In January, DARPA announced it had selected Sikorsky to continue with phase three of the program, which will see the manufacturer enhance the system’s ability to adapt to different missions and aircraft types, and switch between modes enabling flight with two, one, or no pilot or pilots.

Van Buiten said such a system would expand operational flexibility, improve safety, and reduce costs. “[The aircraft] can fly with two crew when you need it — lots of passengers in the back, complex mission — or one crew when it’s simple, or no crew when it’s outrageously boring and the aircraft can just run all day,” he said.

“We’ll enable the helicopter to take on new missions, [and] we’ll enable it to execute emergency procedures beyond human capability.”

When used in a “two-crew” mode, the automation allows the pilots to perform the most complex missions — such as a night landing in an obstacle-rich environment for an EMS pilot, or a nighttime assault for a military pilot — to be performed more safely, by fundamentally reducing the pilots’ workload.

For a less demanding mission, such as a visual flight rules flight during the day, the “one-crew” mode could be used to minimize crew costs, with the operator perhaps controlling the aircraft through a tablet either from the cockpit or the cabin.

Finally, the “zero-crew” mode could be employed for the very simple operations, or for use in areas where it’s too dangerous for people to fly — such as flying in a radioactive environment like above the Fukushima nuclear plant.

Van Buiten said the use of a tablet to control a helicopter amounted to a “reinvention” of the cockpit, enabling a non-pilot to fly SARA with just 10 minutes of orientation.

“You put in large fundamental commands, and it sorts out all the details,” he said. “The tablet is just the interface between the human and the autonomy system on board the helicopter, and it enables the helicopter to fly all the different trajectory elements and mission elements that the helicopter is capable of.”

However, when pressed for a certification timeline for system, Van Buiten admitted it was likely to be several years away, due to the technical, cultural and regulatory challenges the manufacturer needs to overcome.

“It’s not going to happen overnight,” he said. “Certification of new flight controls in a helicopter can easily be a four-year/five-year kind of journey. So pile on some additional cultural and regulatory challenges, new rulemaking — this isn’t going to happen overnight. But it’s a change worth pursuing.”

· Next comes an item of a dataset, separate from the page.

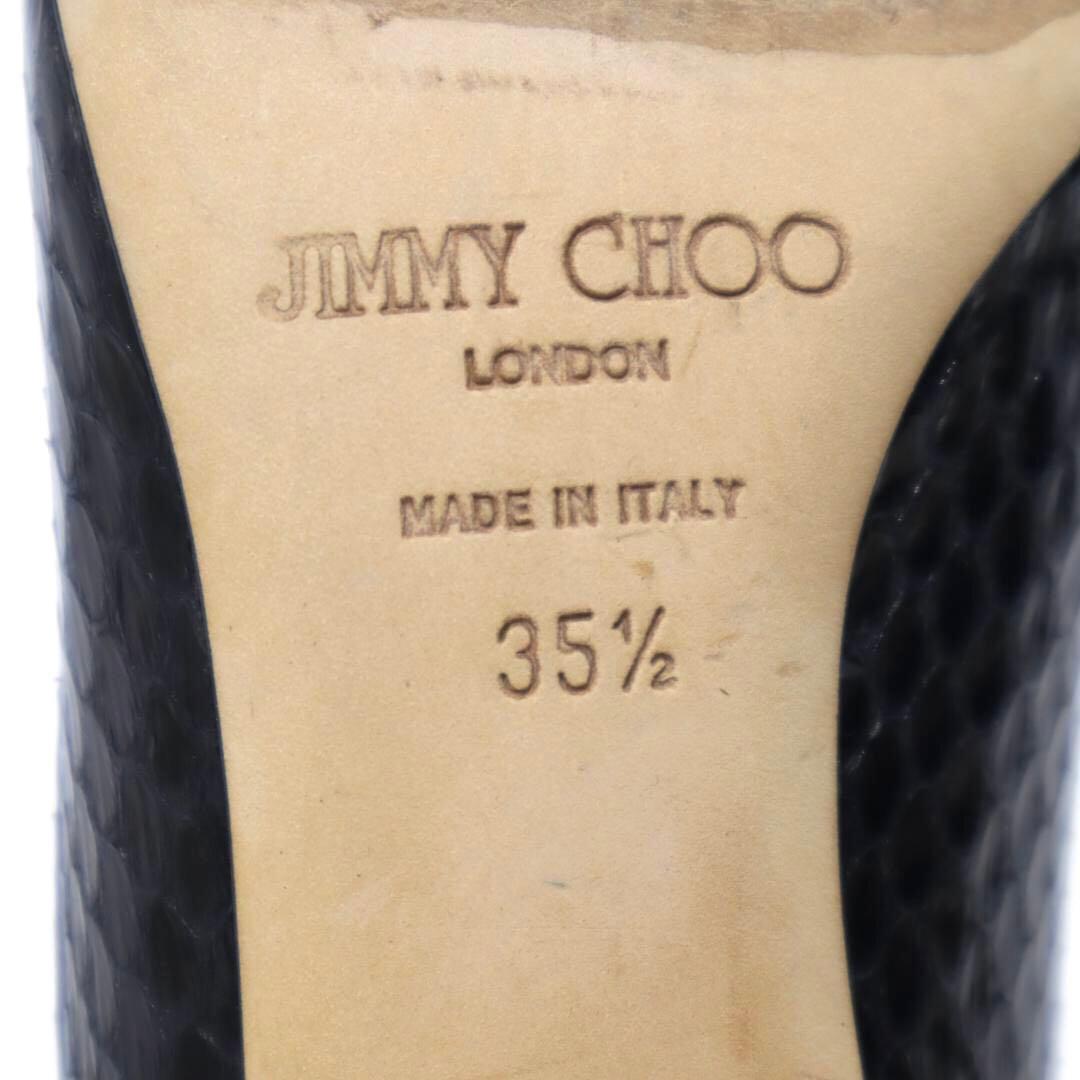 美品 Jimmy Choo ブラックリアルパイソン Pトゥ パンプス 35.5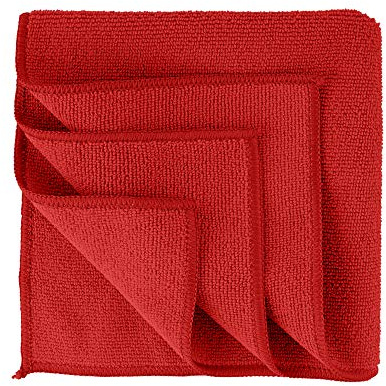 S&S-Shop - Paños de microfibra (10 unidades, 30 x 30 cm), color rojo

Van Buiten said the certification process is made particularly complex due to the system having multiple sensors going into multiple redundant computers. “It’s kind of the challenge you get into when pursuing certification qualification of these systems,” he said.

“For us, we’re setting the bar high. Our vision for certifying a single pilot helicopter would mean if the pilot is incapacitated, and there’s 12 passengers in the back, everyone lives. The helicopter executes a landing where it is, or decides if it’s safer to return to base, or it might even complete the mission. That’s going to be our criteria for single pilot functionality. That’ll be a whole new space for aviation.”